Daily Development for Tuesday, August 24, 2004
by: Patrick A. Randolph, Jr.
Elmer F. Pierson Professor of Law
UMKC School of Law
Of Counsel: Blackwell Sanders Peper Martin Kansas City, Missouri dirt@umkc.edu

BROKERS; LICENSING; UNAUTHORIZED PRACTICE OF REAL BROKERAGE: Where the dominant feature of a sale is the transfer of real property, a “consultant” who arranges the sale must have a real estate license in order to collect a fee.

Panarello v. Segalla, 776 NYS 2d 360 (A.D. 2 Dept. 2004)

Owner of a country club entered into an agreement to pay a consultant a fee upon sale of the club property to a buyer secured by the consultant.

Consultant contacted a real estate broker who introduced him to potential buyers in exchange for a split of the fee. The buyers eventually bought the property for $14.25 million and consultant and his broker friend agreed to reduce the fee to $500,000. The country club occupied only 170 acres of the 640 acre property sold. The deal closed, but the seller stiffed the consultant and his friend. They sued for the fee.

The trial court found for the consultant, but the appeals court reversed. It held that the seller owed no fee, because the consultant was not licensed and, under New York law, therefore not entitled to collect a commission for services in furtherance of a real estate sale transaction. Although a license is not required for a party to perform a function as a consultant to a sale of a business, it is required if the transaction involves the sale of real estate.

The court concluded that the primary asset involved in the sale was the real estate. It emphasized that the listing agreement that is was for the sale of “ real estate and property consisting 700+ acres” and the sale agreement allocated no value to the personal property or intangible assets of the country club business. The same was true of the Real Property Transfer Tax return. Even the consultant’s own marketing plan emphasized the development value of the land, rather than the operating value of the country club.

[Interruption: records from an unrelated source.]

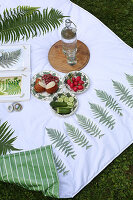 Snacks on handmade picnic blanket with fern motifs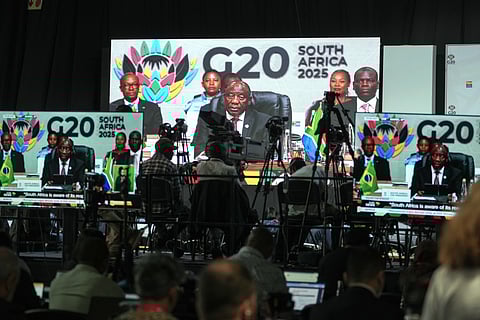 Members of the media watch on screens as South African President Cyril Ramaphosa addresses the opening session of the G20 leaders' summit, in Johannesburg, South Africa, Saturday, Nov. 22, 2025. 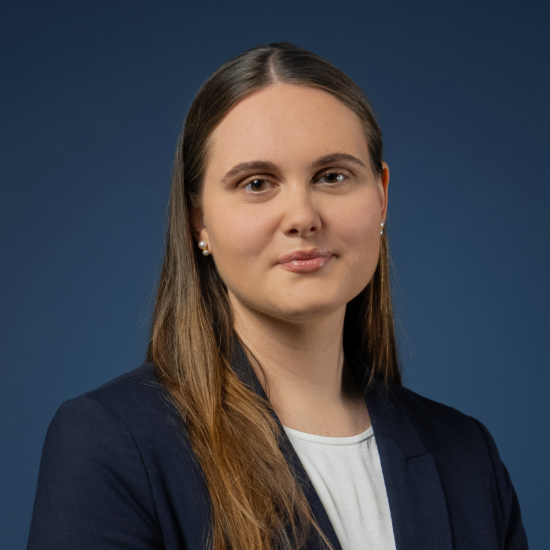 Porträt von Fiona Maria Dick in dunklem Blazer vor dunkelblauem Hintergrund.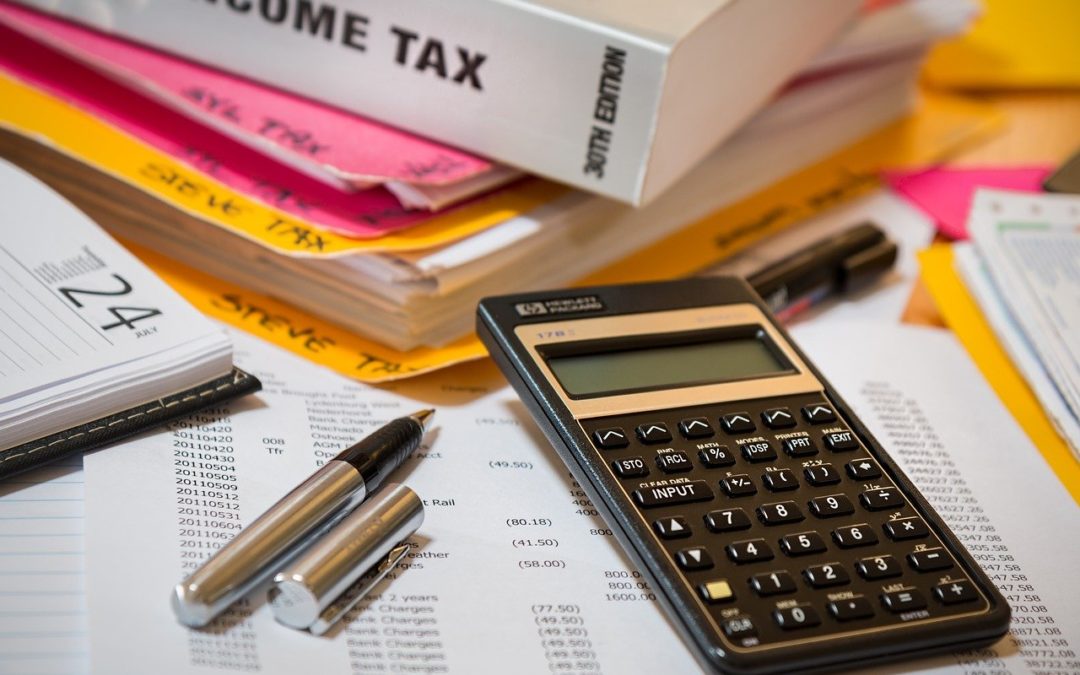 Calculator and pen on tax books and papers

Although the case is vague, it appears that the broker also lost out because he had no separate fee agreement with Seller.

Comment 1: Certainly a painful lesson here for our consultant and his friend, but one that they should have learned in real estate school. New York’s rule is tougher than many other jurisdictions’. In many states, the court will not uphold a commission agreement, but will recognize an action in quantum meruit if the unlicensed party’s efforts in fact result in a successful sale. Usually the award in such cases is a market rate commission.

Comment 2: Many unlicensed parties attempt to act as “finders, ” arguing that if their sole function is simply to introduce the parties, they do not fall within the licensure statutes. This actually works in a few places, but more often the scope of the real estate licensure statute elminates any argument that “finders” aren’t included.

Comment 3: In fact, many lawyers try to hide behind one of the two exceptions set forth above, at least when cornered. They may have performed brokerage style services in the misapprehension that the exception in real estate licensure statutes for legal services permits them to take a commission for promoting a sale. In fact, the largest number of jurisdictions has ruled that the “legal services” exemption is available only when lawyers are performing as lawyers, which usually requires that they pay a fee commensurate with the nature of their lawyer’s services. Typical sales commissions can rarely be justified on this basis.

The editor wrote about all this in a (now somewhat outdated) article entitled “Thinking About Being a Lawyer/Broker?” Think Again.” http://dirt.umkc.edu/files/art2.htm The article was inspired by ethical rules then existed or were being considered that have seen been abandoned. The editor still thinks that serving in both capacities is a bad idea, and certain to lead one into ethical quagmires.